Mais bem colocado entre diversos policiais do Brasil, Kinpara esteve na preparação durante quatro meses no Rio de Janeiro. Ele é categórico ao expressar o significado do feito na sua vida e explica que, independentemente da presença do Exército no local, sua missão é de polícia, e não pode ser confundida.

“É um serviço de aconselhamento e planejamento da segurança pública, com o desenvolvimento de projetos de polícia comunitária e de defesa dos direitos humanos da população. Para mim, essa é uma realização de vida. Sempre quis participar de algo assim. Não foi fácil, mas hoje realizo este sonho.”

Além de possuir nível superior em Letras/Inglês, Kinpara é bacharel em Direito e Segurança Pública. O oficial também já fez cursos de aperfeiçoamento no Japão e nos Estados Unidos.

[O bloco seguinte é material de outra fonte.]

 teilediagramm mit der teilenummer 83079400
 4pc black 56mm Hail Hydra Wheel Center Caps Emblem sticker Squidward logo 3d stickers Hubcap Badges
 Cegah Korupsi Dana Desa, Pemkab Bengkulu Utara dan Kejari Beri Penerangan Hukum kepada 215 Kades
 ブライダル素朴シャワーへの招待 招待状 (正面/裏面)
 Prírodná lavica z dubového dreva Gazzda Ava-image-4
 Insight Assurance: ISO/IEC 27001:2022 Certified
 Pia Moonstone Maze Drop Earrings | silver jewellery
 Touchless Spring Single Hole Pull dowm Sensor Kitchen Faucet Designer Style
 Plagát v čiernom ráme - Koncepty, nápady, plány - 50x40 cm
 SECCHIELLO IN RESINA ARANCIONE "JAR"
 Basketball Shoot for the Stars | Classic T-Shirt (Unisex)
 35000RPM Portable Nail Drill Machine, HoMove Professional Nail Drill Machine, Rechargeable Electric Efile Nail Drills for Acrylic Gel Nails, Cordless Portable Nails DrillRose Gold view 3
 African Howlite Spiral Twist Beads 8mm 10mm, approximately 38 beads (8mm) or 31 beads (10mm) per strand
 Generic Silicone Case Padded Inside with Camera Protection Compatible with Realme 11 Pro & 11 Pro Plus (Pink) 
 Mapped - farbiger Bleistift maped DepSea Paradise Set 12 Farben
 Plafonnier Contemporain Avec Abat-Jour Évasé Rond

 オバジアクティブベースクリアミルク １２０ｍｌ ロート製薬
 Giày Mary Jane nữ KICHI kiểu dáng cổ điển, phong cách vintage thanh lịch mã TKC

O reconhecimento profissional

O comandante-geral da PM, coronel Júlio César, considera Kinpara um profissional extremamente dedicado e capacitado. “Em nosso Estado, não há policial mais preparado para assumir tal desafio. Profissional de currículo invejável, ele merece essa oportunidade, e tenho certeza de que irá representar a corporação e a sociedade acreana da melhor forma possível”, afirmou.

O tenente-coronel embarca para o Sudão do Sul nesta quinta-feira, 21. Lá, ele recebe seu último treinamento para reconhecimento e adaptação ao local. Posteriormente, assume as responsabilidades junto às Forças de Paz da ONU em Juba.

Você conhece o Sudão do Sul?

É um país da África que fazia parte do Sudão até 2011, quando se tornou independente e virou outra nação. Sua capital é Juba e tem mais de 11 milhões de habitantes, com área de 644.330 quilômetros quadrados.

Herdou, com a independência, muitos problemas sociais, financeiros e um intenso conflito armado com o norte pela disputa de regiões ricas em petróleo. Além disso, o Sudão do Sul é basicamente composto por povos cristãos e animistas, que não aceitam a dominação política e legislativa dos povos do norte, de maioria islâmica. Esse conflito já dura 12 anos.